I’ve started work on a book on the “Information Age”. Still at a very early stage and largely outlines but I do have a first draft of the introduction which is available below. I also have a tentative title of This Information Age - A History in Bits of Bits in History.

Introduction

We live in an information age and we live in a digital age – and these twin aspects of our present existence are mutually intertwined. As the volume and role of information have grown so too have the challenges of managing and handling it. By making information digital – converting it into electronic ‘bits’ – we have made it vastly easier to store, manage, analyze and transfer. The triumph of information therefore depends fundamentally on the triumph of the digital – without the powers of digital technology the current cornocopia of information would be impossible, indeed unthinkable. At the same time digital technology \emph{is} fundamentally information technology. Information processing, storage and transmission are what digital technology does and why it exists. Without the driver of our informational needs the digital age would likely never have been born let alone reach maturity.

Thus, information and the digital are symbiotic: the advance of information necessitates the development of digital technology while that technology makes possible, and encourages, the advance of information. Put simply, information drives digitization and digitization drives information.

This book explores these twin proliferations, examining their interaction and the way in which our present, and future, has been, and is being, shaped by these processes. The revolution in communications that started with Morse and Marconi, and the revolution in processing that started with ENIAC and the transistor of Shockley, is still continuing. Almost exactly 50 years on from the first electronic computers of the Second World War period, the last decades of the twentieth century have witnessed another major development in the simultaneous mass adoption of two distinct but related communication technologies: the Internet/World-Wide-Web and mobile telephony. Suddenly cheap digital communication, and the activities it makes possible, are available on a mass, global, scale.

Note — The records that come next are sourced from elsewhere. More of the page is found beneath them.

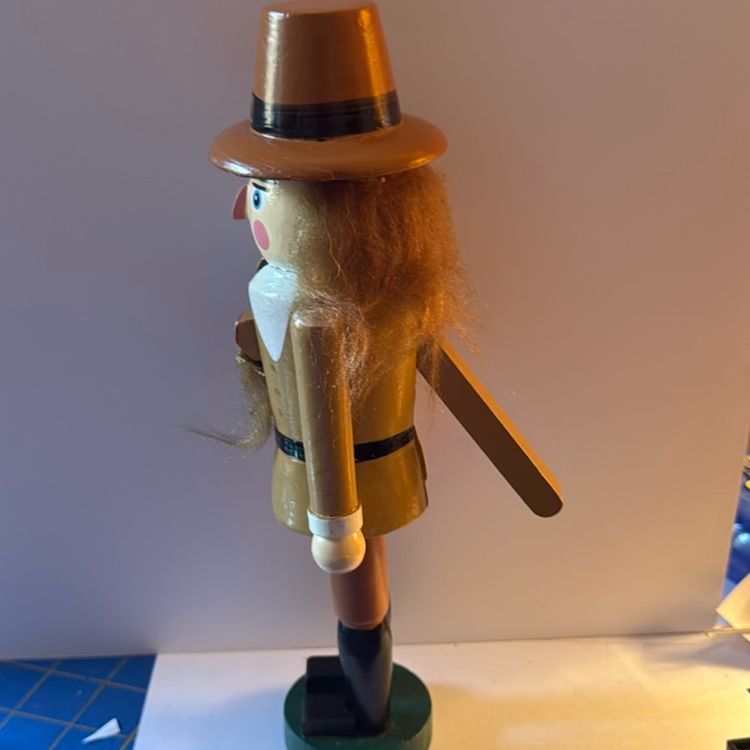 Pilgrim nutcracker
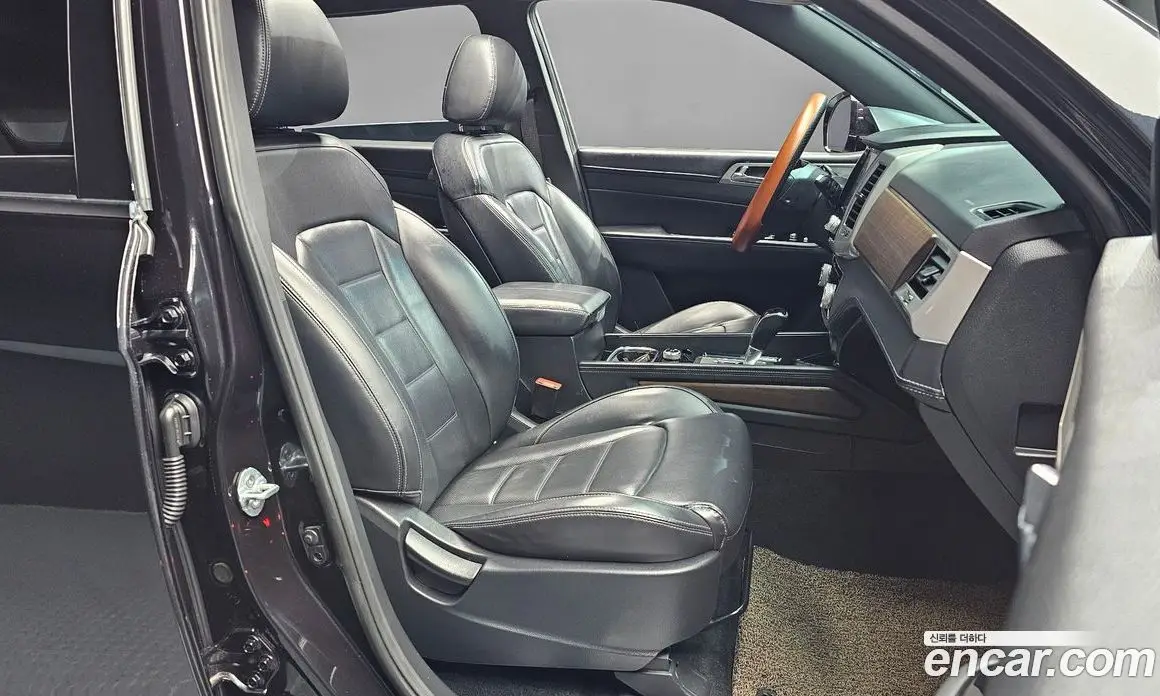 SsangYong Rexton 2017 2.2 автомат (гидро), фото 16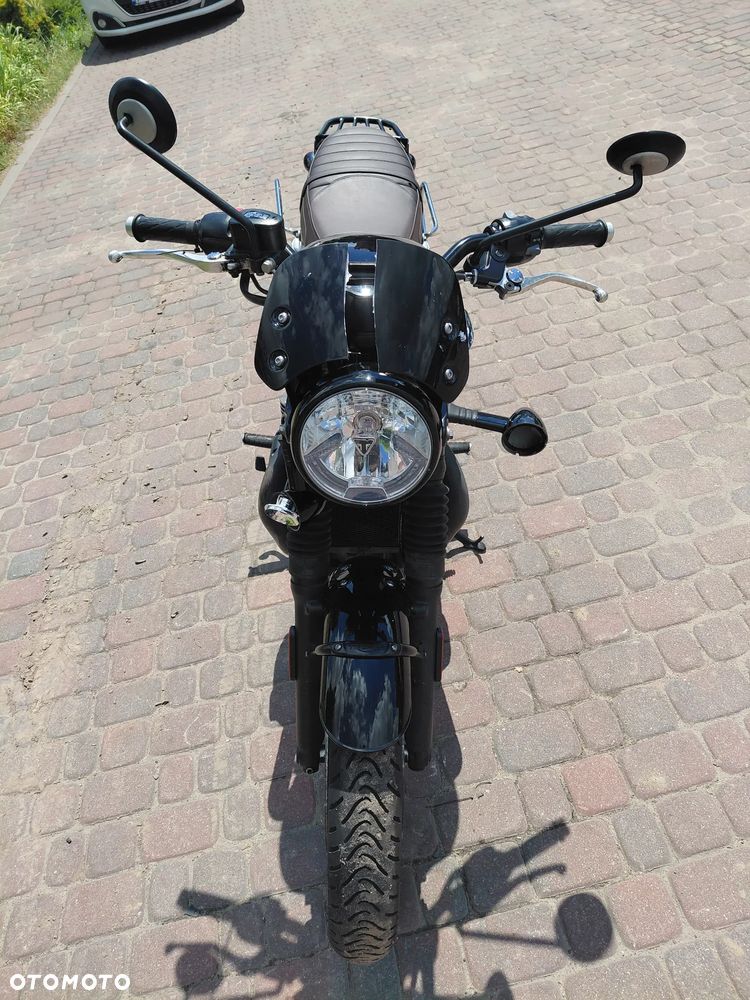 Triumph Bonneville - 8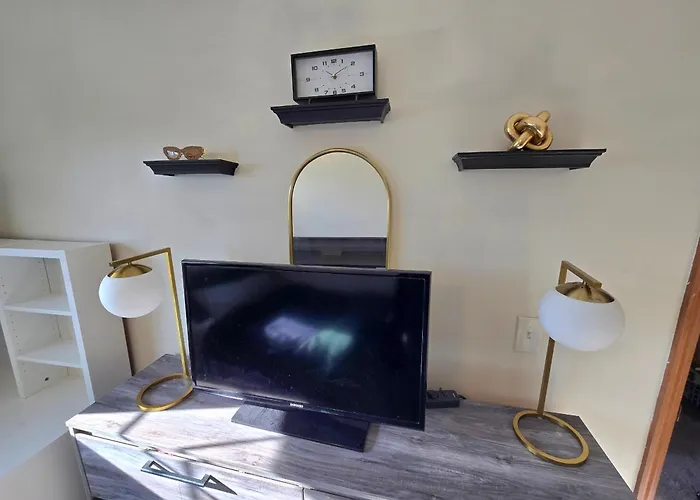 3 Bedroom 3 Bath Lovely In Il Aurora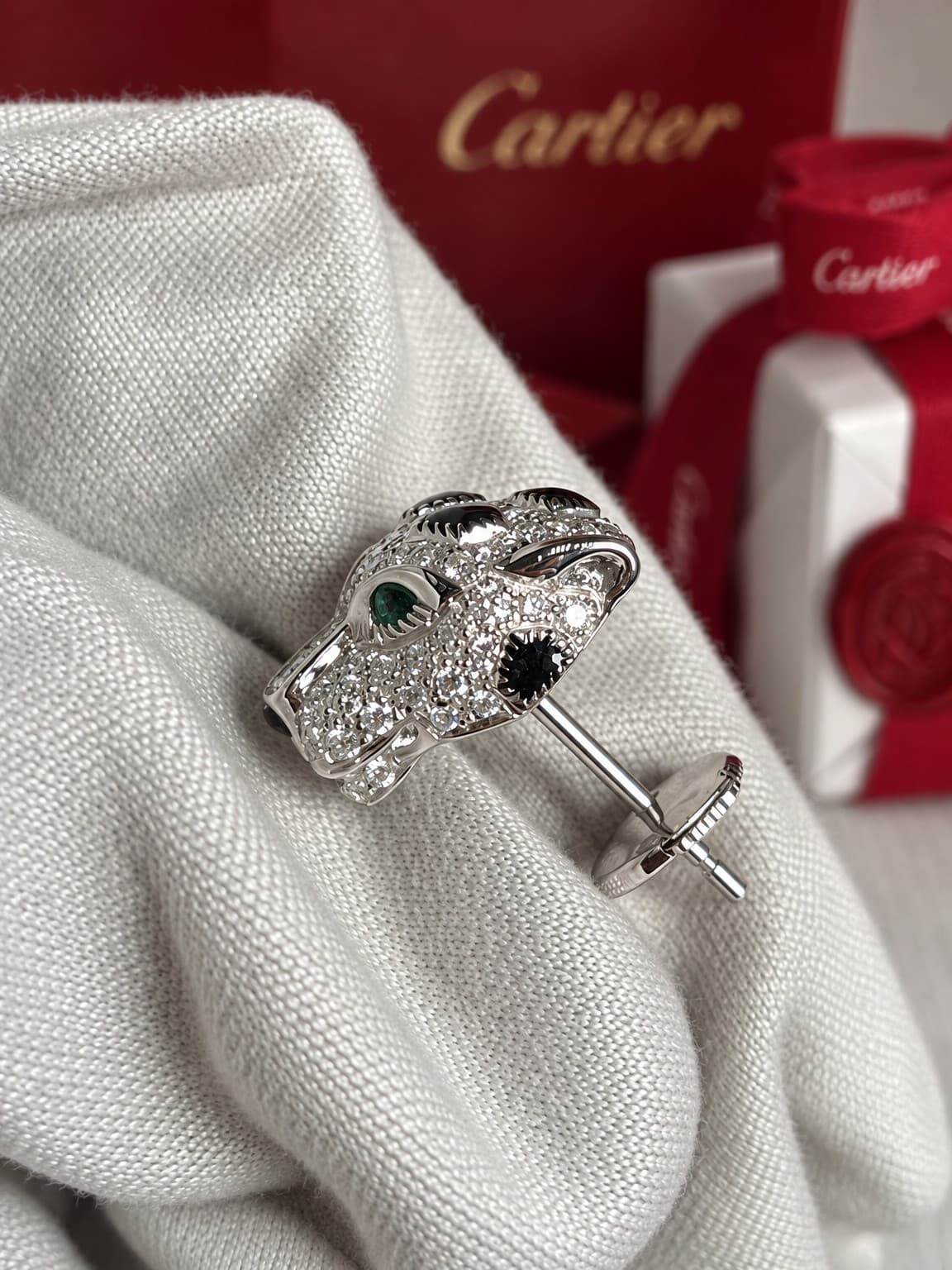 Серьги Cartier Panthere с бриллиантами 0,70 ct — фото 6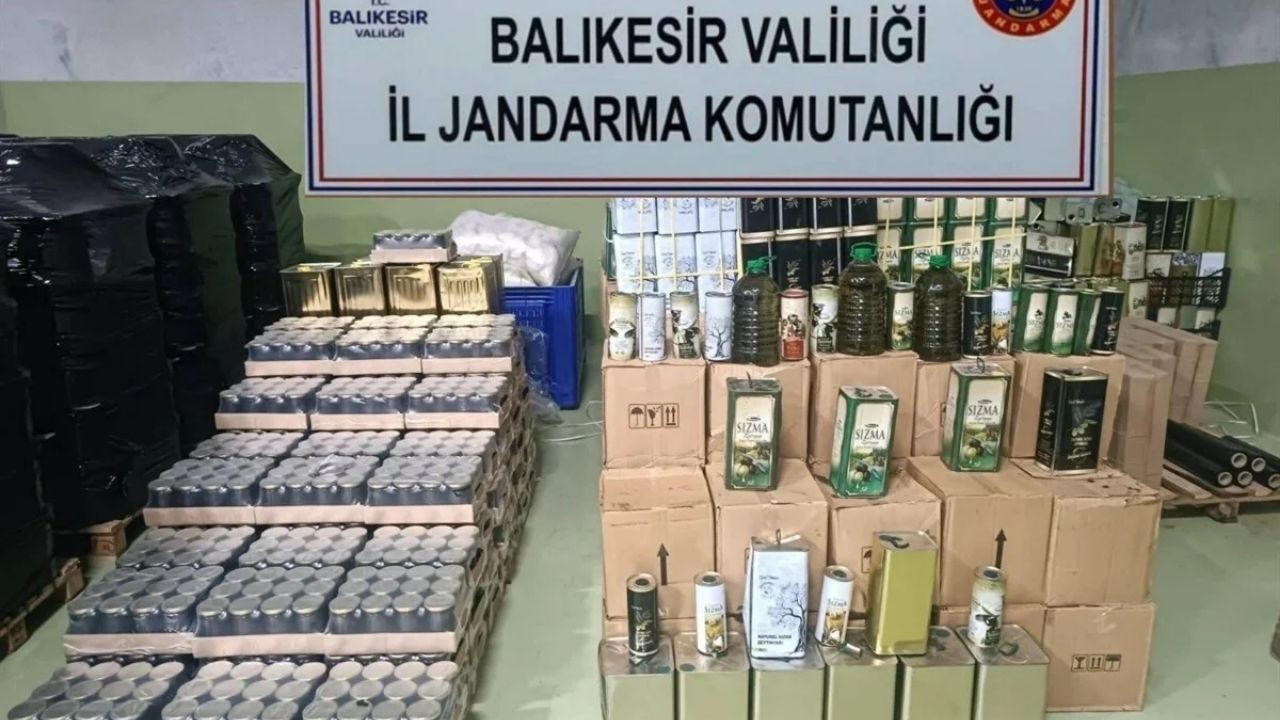 Balıkesir'de Tonlarca Sahte Zeytinyağı ve Bal Ele Geçirildi: 1 Gözaltı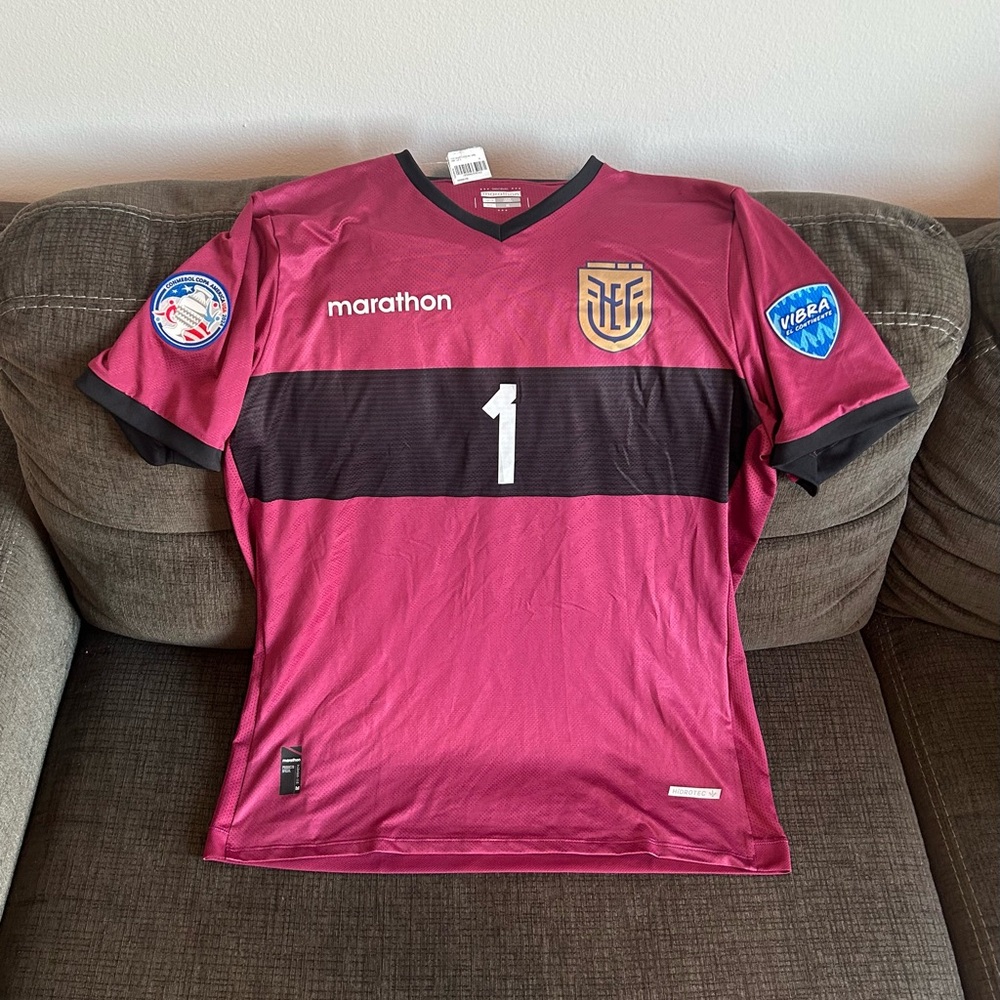 Marathon Authentic Ecuador Copa America 2024 Hernan Galindez Jersey Men’s Sz: XL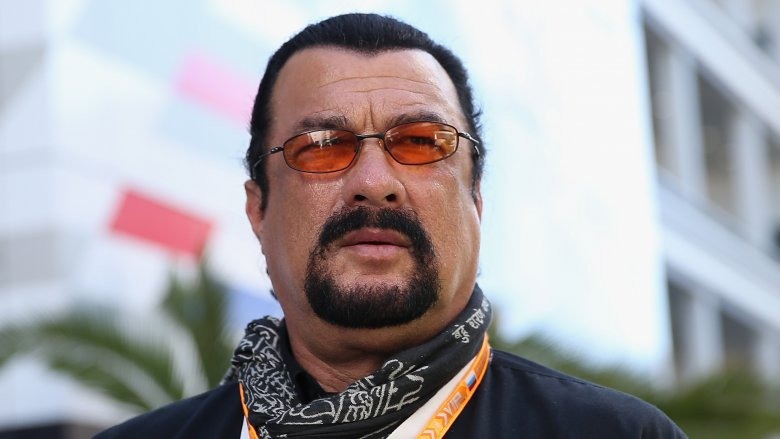O ator e lutador Steven Seagal.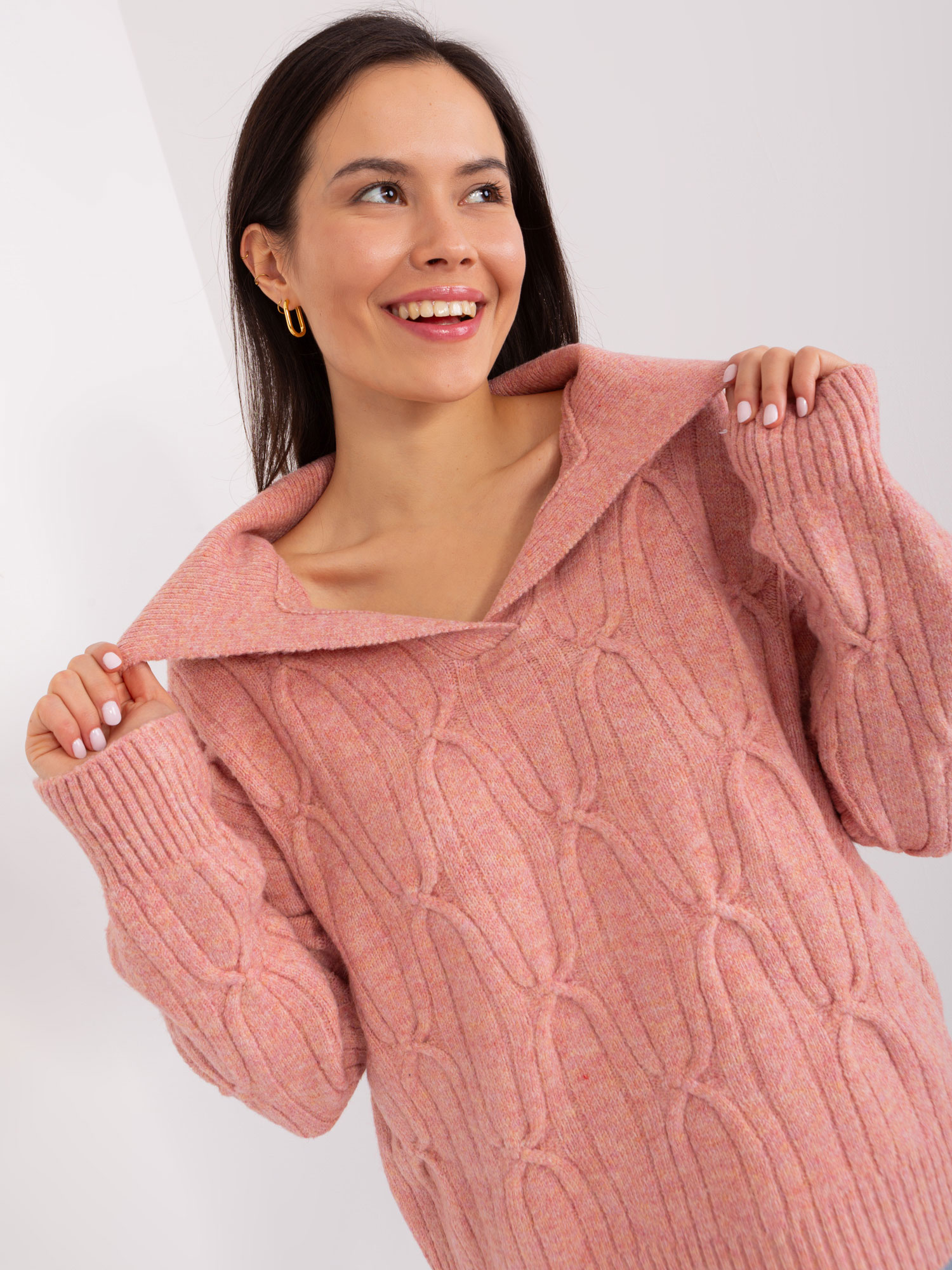 Levně Zaprášený růžový kabelový pletený svetr s límečkem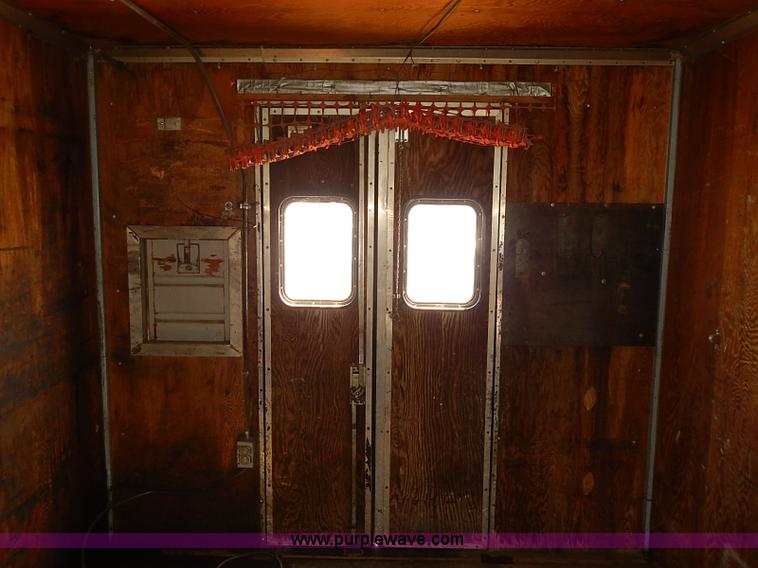 image for item E7805 1998 Chevrolet P30 Supreme step van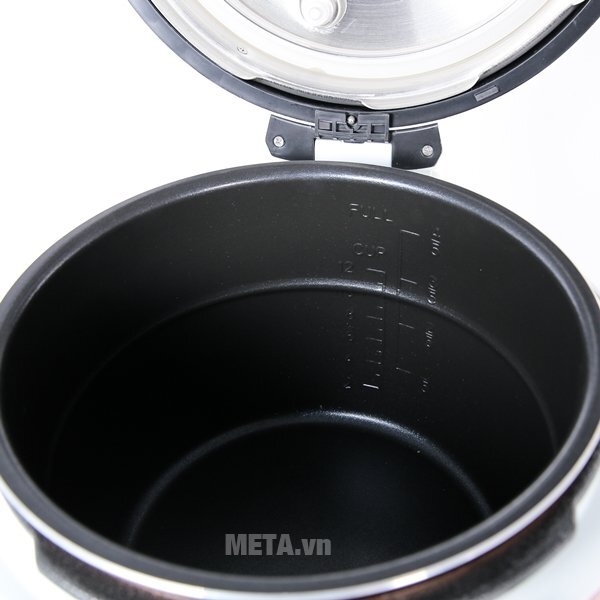 Nồi áp suất điện tử đa năng Sunhouse SHD1768 - 6 lít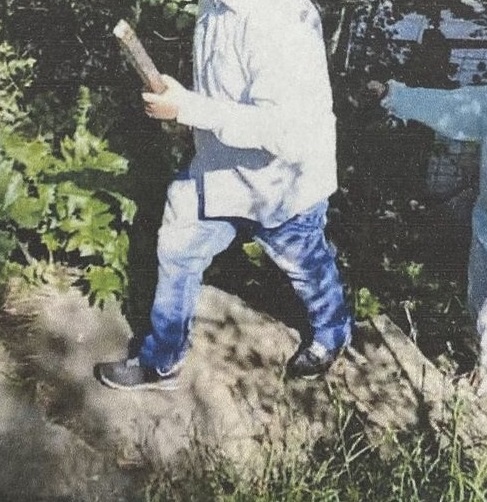 Imagen que según Defensoría da cuenta del uso de palos durante el incidente. 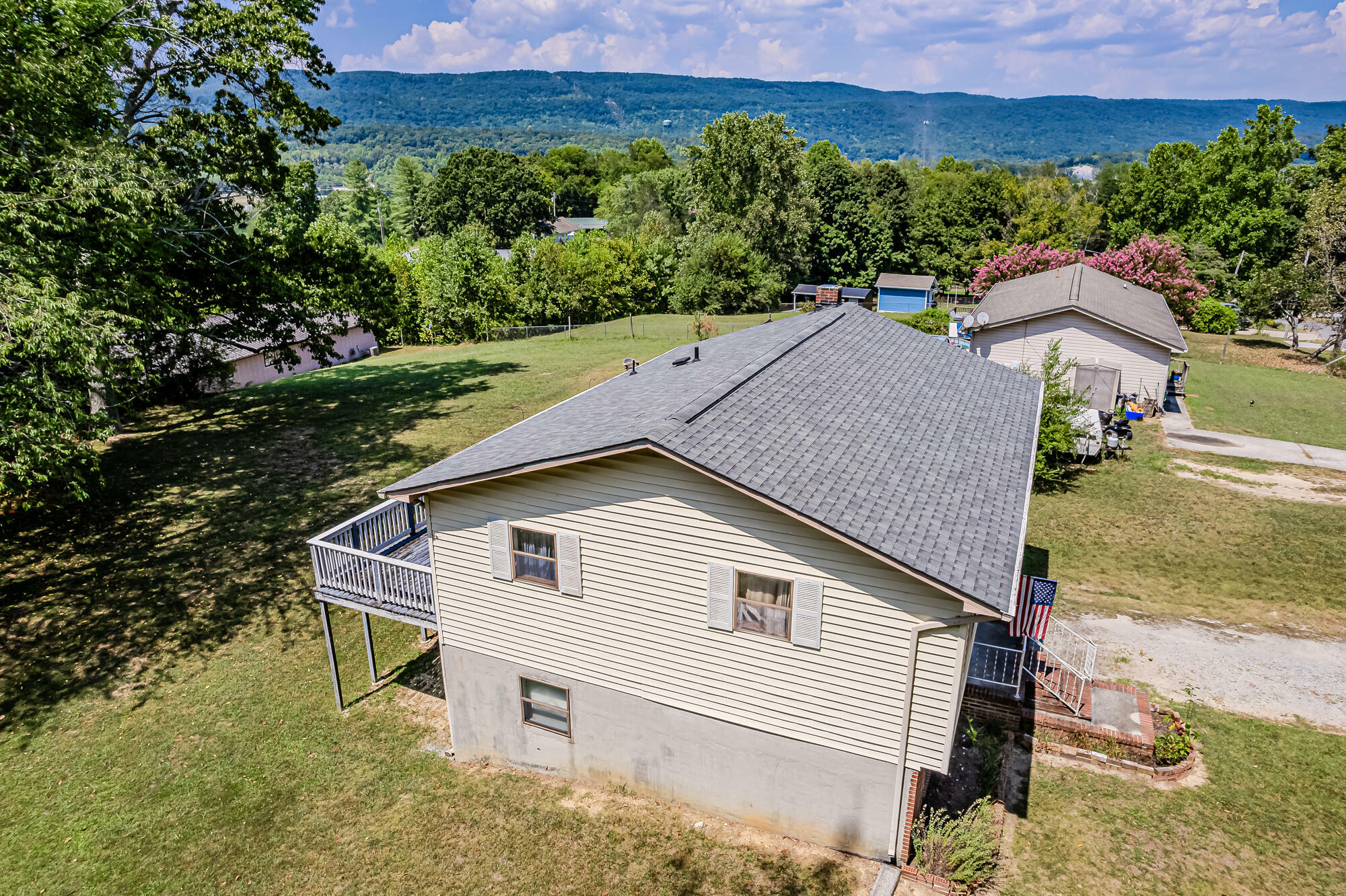 Property Photo:  833 Indian Hills Drive  TN 37321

These changes are not to be seen purely at the social or technological level. Already much of the economy is derived directly, or indirectly from transactions in information. The implications are to be seen from the smallest to the largest levels. Today, at the dawn of the 21st century, many of the most well-known, and most powerful companies in the world base their business on information. Perhaps pre-eminent among them is Google, an entity whose business is built upon the acquisition and analysis of the vast information space that is the web – though interestingly their revenue primarily derives not from selling that information directly but from selling the attention it generates.

We should also not forget software that most fundamental and crucial substance of the information age – being both itself the purest kind of information and, as algorithms made ‘flesh’, the information ‘machinery’ that which manages and processes all other data. What is more, software is now not only one of the largest industries on the planet, but is also ubiquitous in practically every kind of business large or small. In a period of a little over 30 years this industry has given us both Microsoft, the most successful monopolist the world has ever seen, and the peer-produced work of the Free/Open-Source movement.

Here then we have information built upon information, data upon data. It is no wonder that some ask whether these spiralling skyscrapers of the digital age ever touch earth, and, if so, where. Are we fashioning ourselves a heaven or a hell? More prosaically, what do we gain, and what do we lose, as everything that glitters becomes bits? Will knowledge be available to all for the cost of an internet connection or ever more proprietarized and controlled? Will democracy be made good by a world of informed and active citizens, or disintegrate into a million insular and self-reinforcing Babels?

This is a technological, economic and social story. It sprawls out over our history, small at first but growing with such rapidity in the last few decades that, information, and its associated ‘revolution’, are now one of the central elements of our world. So recent, rapid and widespread are these changes, ramifying and filtering into so many diverse aspects of our existence, that it is hard for us to here now to comprehend their scope or predict their future and to do full justice to this subject is a clear impossibility.

Instead, in this work we must take a different route, proceeding by way of survey, allusion and illustration. In short we offer a history in bits of ‘bits’ in history.